C’è del marcio nel cinema di Emmerich
Dopo Godzilla, gli alieni e l’effetto serra, Roland Emmerich approda a Shakespeare. È un’operazione che può in effetti ricordare quella di L'alba del giorno dopo: prendere una teoria, dibattuta o controversa, scientifica come storiografica, quella dei climatologi sul surriscaldamento planetario così come quella degli anti-Stratfordiani sulla paternità delle opere attribuite al Bardo. Non è certo comunque la volontà di impostare un dibattito storico-letterario che muove il furbastro regista, e almeno L'alba del giorno dopo poteva essere fatto passare come un pamphlet ambientalista. E in fondo la tesi del film è trattata come le teorie cospirazioniste sull’11 settembre. Quello che gli interessa è poter realizzare un film pomposo, una soap opera storica, con mirabolanti ricostruzioni d’epoca, imponenti scene di massa, inquadrature panoramiche mozzafiato. Da questo punto di vista il film funziona, certo, ma, a ben vedere, quello che manca nel film è proprio Shakespeare, inteso come figura letteraria a prescindere dalla sua persona fisica reale, qualunque essa sia stata.
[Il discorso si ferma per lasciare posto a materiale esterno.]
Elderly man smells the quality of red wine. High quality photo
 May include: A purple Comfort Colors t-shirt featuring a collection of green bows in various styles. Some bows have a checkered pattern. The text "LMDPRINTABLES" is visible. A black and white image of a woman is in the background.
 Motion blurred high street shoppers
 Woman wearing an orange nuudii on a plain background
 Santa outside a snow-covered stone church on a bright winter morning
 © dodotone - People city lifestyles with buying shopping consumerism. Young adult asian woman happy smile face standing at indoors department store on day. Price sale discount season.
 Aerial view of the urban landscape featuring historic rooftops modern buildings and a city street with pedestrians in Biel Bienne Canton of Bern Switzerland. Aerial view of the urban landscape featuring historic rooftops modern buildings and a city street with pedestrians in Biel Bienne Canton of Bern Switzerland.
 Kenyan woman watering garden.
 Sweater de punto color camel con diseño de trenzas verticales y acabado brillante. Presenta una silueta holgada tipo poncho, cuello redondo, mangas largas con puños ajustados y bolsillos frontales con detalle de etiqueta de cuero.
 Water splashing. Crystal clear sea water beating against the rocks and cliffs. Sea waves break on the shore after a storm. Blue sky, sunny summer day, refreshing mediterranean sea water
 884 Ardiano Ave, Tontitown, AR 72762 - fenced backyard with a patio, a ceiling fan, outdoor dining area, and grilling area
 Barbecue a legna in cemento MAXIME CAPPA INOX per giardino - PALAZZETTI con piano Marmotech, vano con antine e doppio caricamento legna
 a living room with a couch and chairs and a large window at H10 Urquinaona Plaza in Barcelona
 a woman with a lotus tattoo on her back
Non sono certo l’omicidio in stile Polonio, o la scialba ricostruzione delle congiure alla corte elisabettiana, in grado di rievocare l’universo immaginato da Shakespeare, o di chi per lui. E nemmeno il plot fondato sullo scambio d’identità, tipico del Bardo, o la presenza massiccia di attori shakespeariani, o che si sono confrontati con il drammaturgo (da Mark Rylance a Derek Jacobi, fino alla stessa Vanessa Redgrave). Da questo punto di vista, Anonymous ambisce a Shakespeare in Love, divertissement citazionista dall’opera del Bardo, così come a Il Codice Da Vinci, giallo storico, per non dire ad Amadeus, finta biografia artistica, senza però riuscire minimamente ad avvicinarsi a nessuno di questi. E non basta nemmeno che il film inizi all’interno di un palcoscenico teatrale, con in scena il shakespeariano Derek Jacobi. Il teatro si fa vita, realtà e storia. Riguardiamoci Vanya sulla 42ª strada, piuttosto.